Première publication avant mise à jour le 18 novembre 2024
Contre le Mercosur, le projet de traité de libre-échange entre l’Union européenne et les pays du Mercosur, les tracteurs sont à nouveau de sortie. L’ensemble des syndicats agricoles appellent à un mouvement social d’ampleur dans le pays, au moment où les membres du G20 se réunissent au Brésil. Et si on parlait protectionnisme, pour enrayer cette folie sociale et écologique ?

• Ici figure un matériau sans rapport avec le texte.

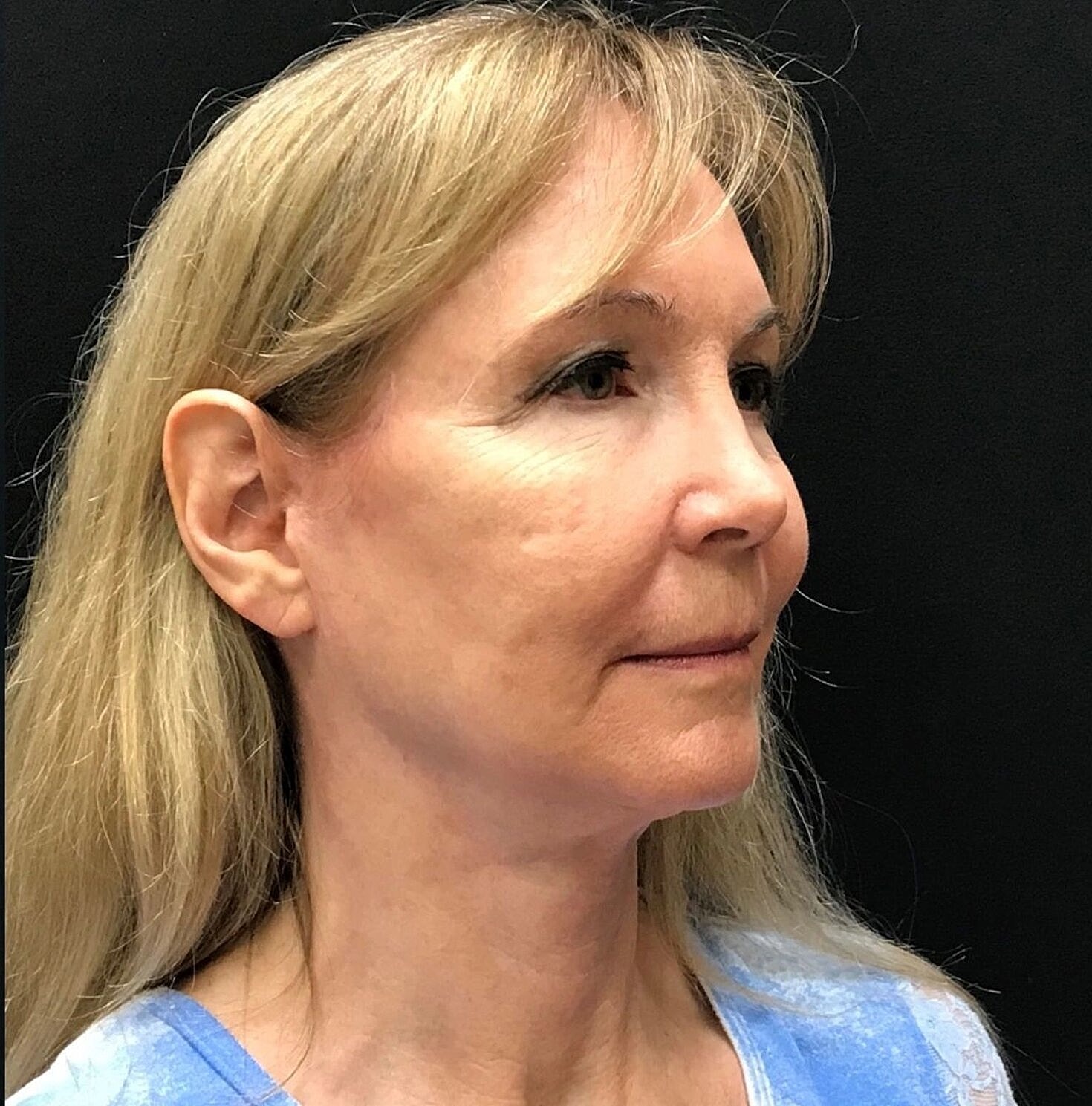 Facelift Before & After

Amiens, 18 novembre 2024. « Bruxelles, tes agriculteurs crèvent ! Halte au libre-échange ! ». Ce lundi matin, en descendant du train, les tracteurs arrivaient déjà dans le centre-ville d’Amiens. Dès dimanche soir, ils commençaient à perturber la circulation automobile en Île-de-France. « Macron, si tu vas à Rio, n’oublie pas tes péquenots ! ». L’ensemble des syndicats agricoles appellent à un mouvement social d’ampleur dans le pays, à des manifestations et des blocages sur tout le territoire à partir de ce lundi, au moment où les membres du G20 se réunissent au Brésil. L’objectif premier : manifester leur opposition au traité de libre-échange avec le Mercosur (qui regroupe Brésil, Argentine, Uruguay, Paraguay et Bolivie). Le Mercosur, vous vous souvenez ? C’est vrai que ça remonte : créé en 1991, le Mercosur, abréviation du « marché commun du sud » (Mercado Comun del Sur, ndlr), est une zone de libre-échange qui rassemble cinq pays : le Brésil, l’Argentine, l’Uruguay, le Paraguay, et depuis 2023, la Bolivie. Pays auxquels l’Union européenne (UE) veut s’associer pour accroître ses échanges commerciaux.
"La merde d’ailleurs, c’est pas possible."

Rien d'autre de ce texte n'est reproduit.